■ Exercise ■
Leave every picture behind and copy the rest of the entries below exactly.

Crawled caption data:
■ ■ ■ ■ ■
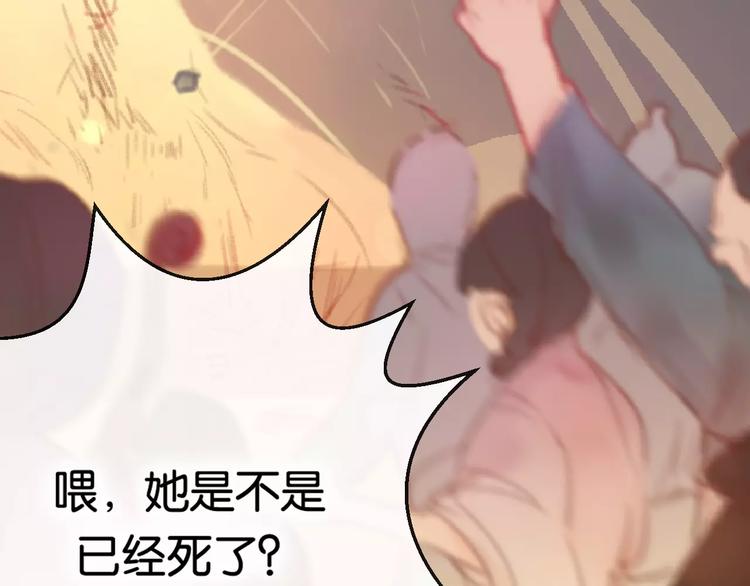 第1话  斗苍238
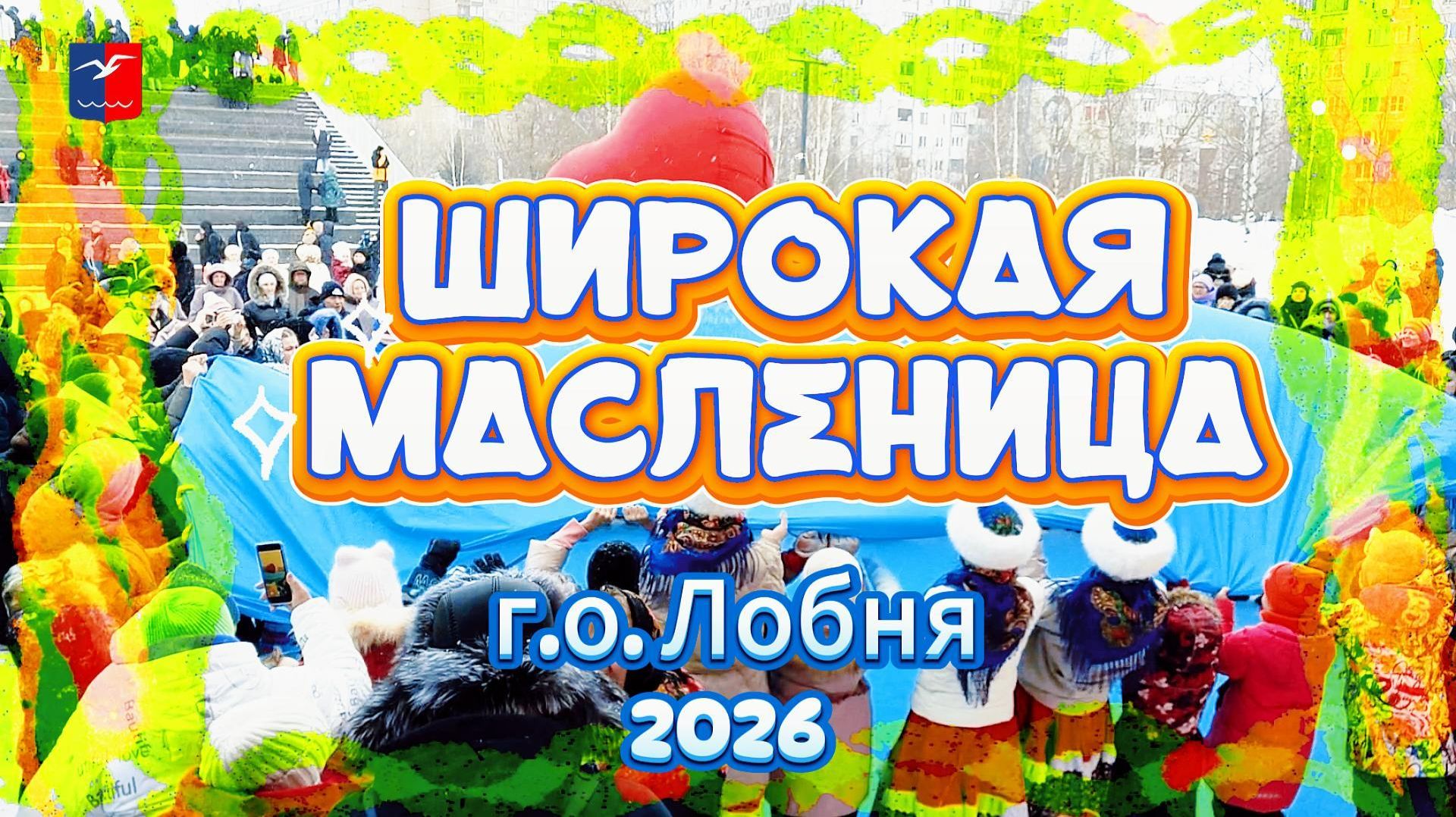 Масленица в городе Лобня смотреть онлайн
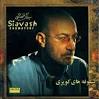 Download Jazireh – Siavash Ghomeishi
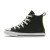 Thumbnail of Converse Chuck Taylor All Star Lined Leather (A01471C) [1]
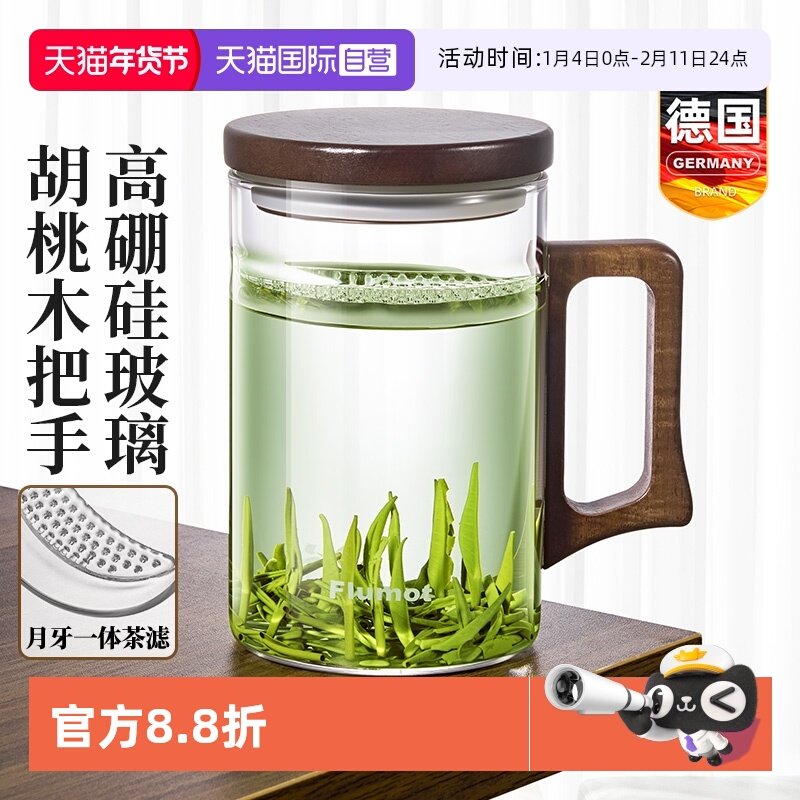 【自营】德国玻璃杯一体式月牙过滤茶杯泡茶壶分茶器具茶盅大容量,餐饮具,公道杯,淘宝优惠券,粉丝福利购,淘宝优惠卷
■ ■ ■ ■ ■
■ Answer to this task ■
 第1话  斗苍238
 Масленица в городе Лобня смотреть онлайн
 Download Jazireh – Siavash Ghomeishi
 Thumbnail of Converse Chuck Taylor All Star Lined Leather (A01471C) [1]
 【自营】德国玻璃杯一体式月牙过滤茶杯泡茶壶分茶器具茶盅大容量,餐饮具,公道杯,淘宝优惠券,粉丝福利购,淘宝优惠卷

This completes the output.